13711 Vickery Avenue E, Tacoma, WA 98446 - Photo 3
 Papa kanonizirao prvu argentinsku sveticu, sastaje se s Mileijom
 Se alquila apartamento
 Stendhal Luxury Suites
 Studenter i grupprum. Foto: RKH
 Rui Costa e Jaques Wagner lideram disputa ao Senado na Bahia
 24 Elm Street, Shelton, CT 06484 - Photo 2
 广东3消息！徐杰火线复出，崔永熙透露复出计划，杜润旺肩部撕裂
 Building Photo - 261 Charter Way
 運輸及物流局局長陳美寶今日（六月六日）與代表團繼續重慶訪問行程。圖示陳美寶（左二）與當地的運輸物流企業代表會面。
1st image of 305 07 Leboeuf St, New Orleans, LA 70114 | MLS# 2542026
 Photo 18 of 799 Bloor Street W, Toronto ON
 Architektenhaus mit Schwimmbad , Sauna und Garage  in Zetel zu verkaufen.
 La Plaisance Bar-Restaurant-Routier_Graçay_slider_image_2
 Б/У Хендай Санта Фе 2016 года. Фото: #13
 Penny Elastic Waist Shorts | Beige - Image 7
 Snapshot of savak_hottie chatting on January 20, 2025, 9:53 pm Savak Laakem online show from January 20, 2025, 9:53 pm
┄┄┄┄┄┄┄┄┄┄┄┄┄┄┄┄┄┄┄┄
Work instruction: Where does the word "Photo" appear in the listing above? Copy every line that holds it.

Finished task:
13711 Vickery Avenue E, Tacoma, WA 98446 - Photo 3
 24 Elm Street, Shelton, CT 06484 - Photo 2
 Building Photo - 261 Charter Way
 Photo 18 of 799 Bloor Street W, Toronto ON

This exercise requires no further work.